Schuyler's public career began in the Provincial Assembly of New York in 1768. He represented the people's interests with great boldness, and when the Assembly refused to thank the delegates of the first Continental Congress, or to appoint others to a second Congress, he aided in the organisation of the Provincial Congress which usurped the Assembly's functions and put all power into the hands of the people. Chancellor Kent thought that "in acuteness of intellect, profound thought, indefatigable activity, exhaustless energy, pure patriotism, and persevering and intrepid public efforts, Schuyler had no superior;" and Daniel Webster declared him "second only to Washington in the services he rendered the country."[14] But there was in Schuyler's make-up a touch of arrogance that displayed itself in letters as well as in manners. The soldierly qualities that made him a commander did not qualify him for public place dependent upon the suffrage of men. People respected but did not love him. If they were indignant that Gates succeeded him, they did not want him to govern them, however much it may have been in his heart to serve them faithfully.
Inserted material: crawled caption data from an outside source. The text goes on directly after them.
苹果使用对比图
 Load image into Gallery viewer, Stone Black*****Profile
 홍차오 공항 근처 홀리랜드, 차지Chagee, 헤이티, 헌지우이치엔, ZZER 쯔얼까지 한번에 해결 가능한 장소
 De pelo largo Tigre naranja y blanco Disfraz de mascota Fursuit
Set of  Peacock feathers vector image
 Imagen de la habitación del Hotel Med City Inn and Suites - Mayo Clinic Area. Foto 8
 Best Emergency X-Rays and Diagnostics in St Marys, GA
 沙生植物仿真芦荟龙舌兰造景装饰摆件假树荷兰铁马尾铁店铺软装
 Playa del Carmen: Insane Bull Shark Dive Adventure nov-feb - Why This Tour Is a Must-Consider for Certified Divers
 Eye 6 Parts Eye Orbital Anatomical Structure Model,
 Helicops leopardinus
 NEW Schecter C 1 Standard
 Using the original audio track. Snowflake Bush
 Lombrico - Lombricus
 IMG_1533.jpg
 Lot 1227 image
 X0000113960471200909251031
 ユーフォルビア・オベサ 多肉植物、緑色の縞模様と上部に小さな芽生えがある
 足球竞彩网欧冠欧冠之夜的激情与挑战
John Morin Scott represented the radical element among the patriots. By profession he was an able and wealthy lawyer; by occupation a patriotic agitator. John Adams, who breakfasted with him, speaks of his country residence three miles out of town as "an elegant seat, with the Hudson just behind the house, and a rural prospect all around him." But the table seems to have made a deeper impression upon the Yankee patriot than the picturesque scenery of the river. "A more elegant breakfast I never saw—rich plate, a very large silver coffee-pot, a very large silver teapot, napkins of the very finest materials, toast and bread and butter in great perfection. Afterwards a plate of beautiful peaches, another of pears, another of plums, and a musk melon." As a parting salute, this lover of good things spoke of his host as "a sensible man, one of the readiest speakers upon the continent, but not very polite."[15] This is what the Tories thought. According to Jones, the Tory historian, Scott had the misfortune to graduate at Yale—"a college remarkable for its republican principles and religious intolerance," he says, and to belong to a triumvirate whose purpose was "to pull down church and state, and to raise their own government upon the ruins."[16]